• [REQUIRED ACTION]
Below is a listing. Return the lines from the one that contains "Portrait of pretty" to the one that contains "Promeneur en vélo sous la pluie.", both ends included, verbatim and with no pictures.

• [DATA FOR REVIEW]
▼

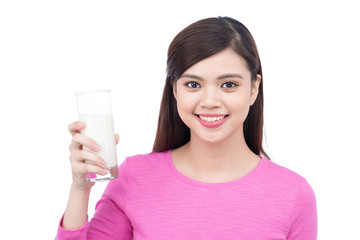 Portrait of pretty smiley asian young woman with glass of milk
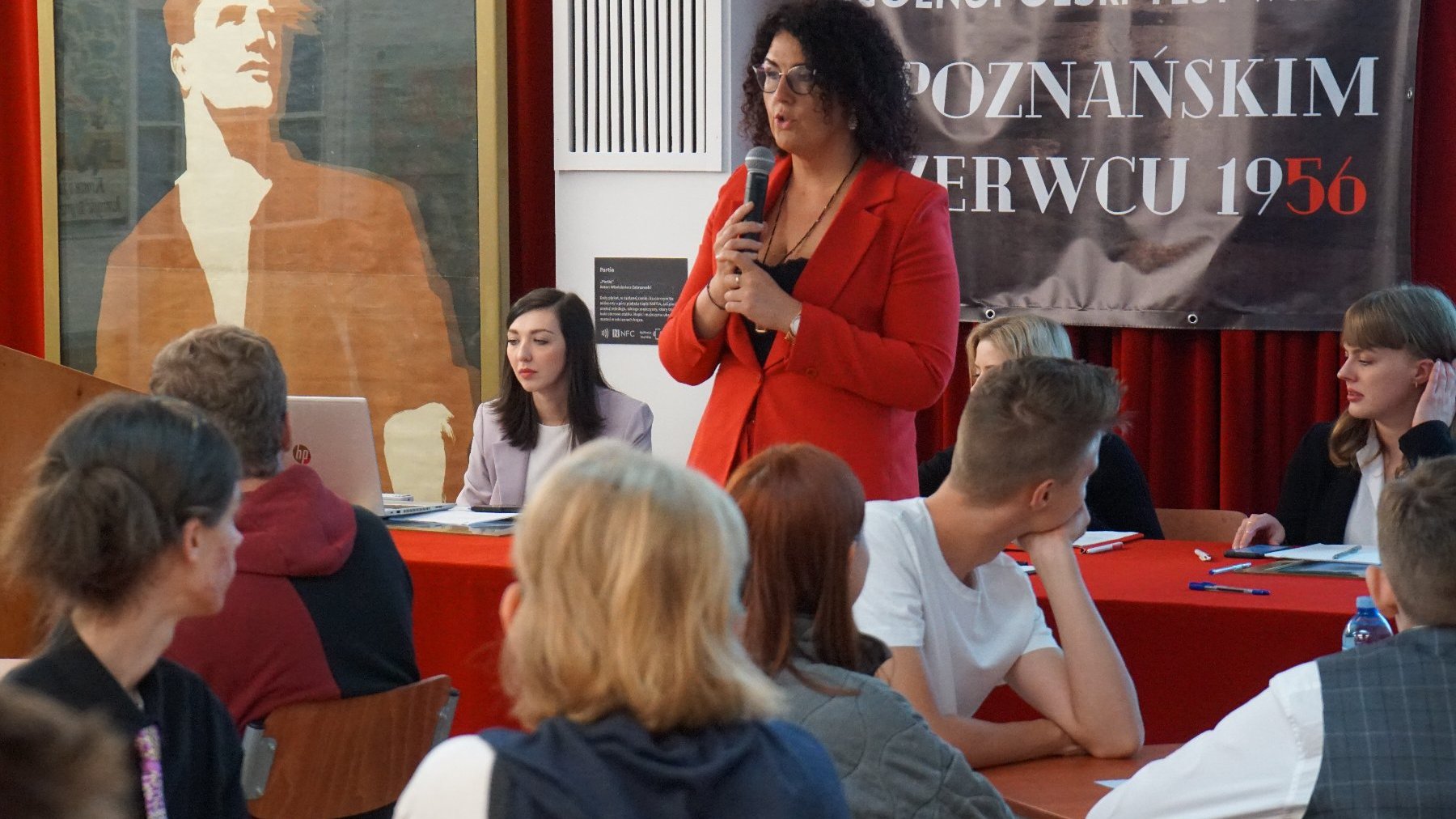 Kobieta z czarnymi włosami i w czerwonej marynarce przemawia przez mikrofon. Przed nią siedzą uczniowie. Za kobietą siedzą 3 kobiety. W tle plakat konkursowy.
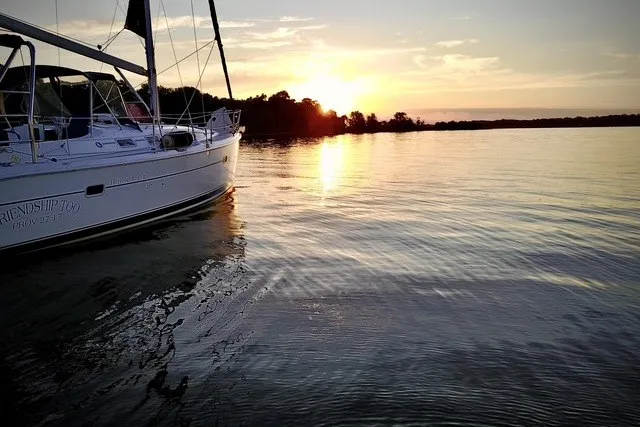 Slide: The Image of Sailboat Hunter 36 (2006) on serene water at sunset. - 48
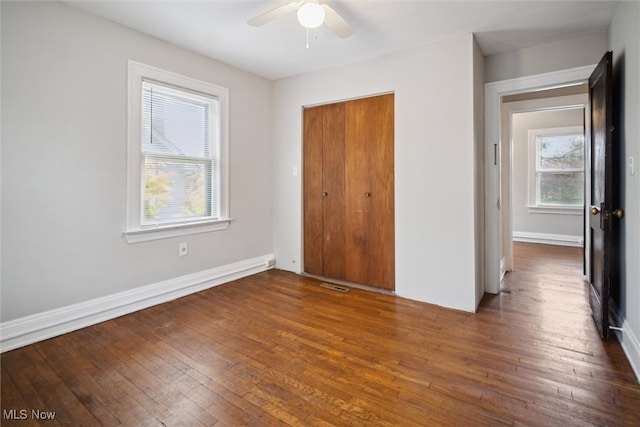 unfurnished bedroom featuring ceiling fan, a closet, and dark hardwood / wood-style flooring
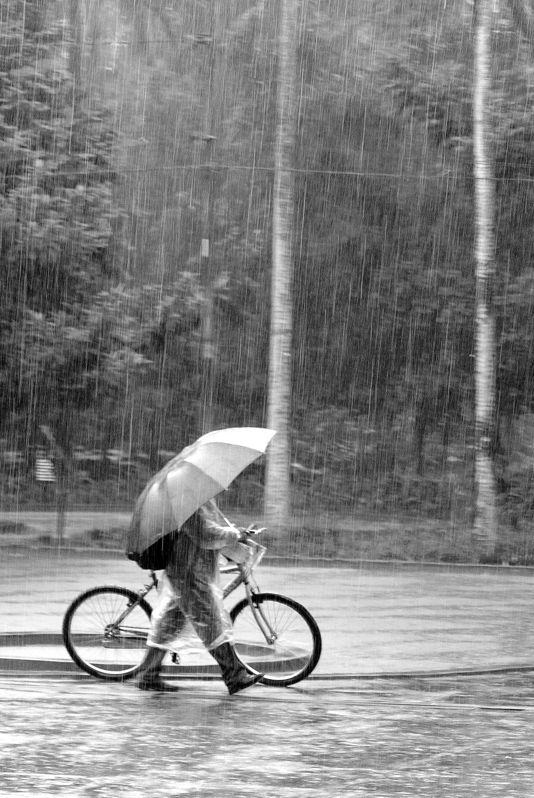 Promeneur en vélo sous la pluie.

▲
▼

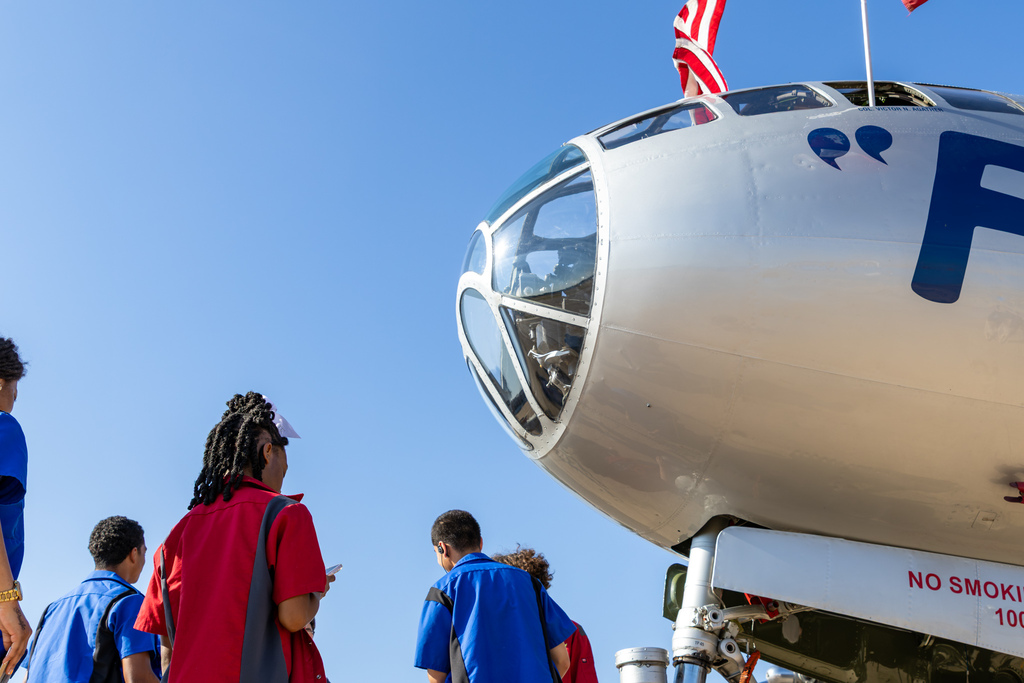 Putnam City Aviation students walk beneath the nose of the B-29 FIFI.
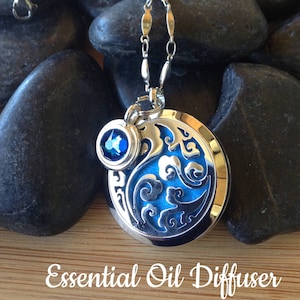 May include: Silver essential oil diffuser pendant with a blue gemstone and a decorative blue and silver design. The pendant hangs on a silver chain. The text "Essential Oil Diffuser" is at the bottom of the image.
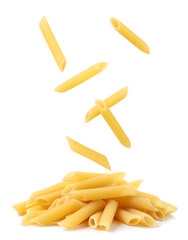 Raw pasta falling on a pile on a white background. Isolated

▲
▼

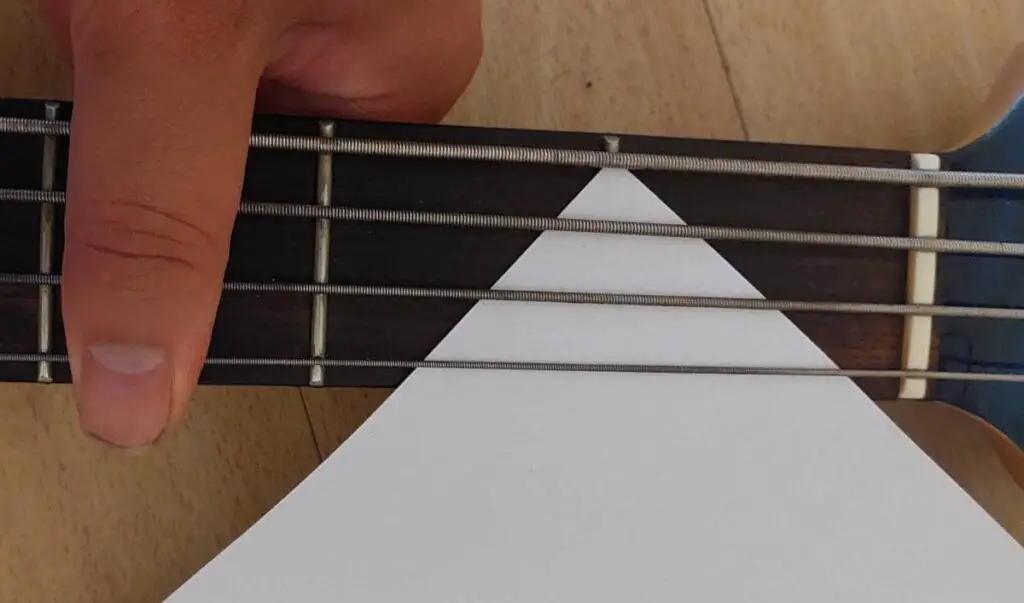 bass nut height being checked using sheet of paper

▲

• [EXERCISE OUTPUT]
 Portrait of pretty smiley asian young woman with glass of milk
 Kobieta z czarnymi włosami i w czerwonej marynarce przemawia przez mikrofon. Przed nią siedzą uczniowie. Za kobietą siedzą 3 kobiety. W tle plakat konkursowy.
 Slide: The Image of Sailboat Hunter 36 (2006) on serene water at sunset. - 48
 unfurnished bedroom featuring ceiling fan, a closet, and dark hardwood / wood-style flooring
 Promeneur en vélo sous la pluie.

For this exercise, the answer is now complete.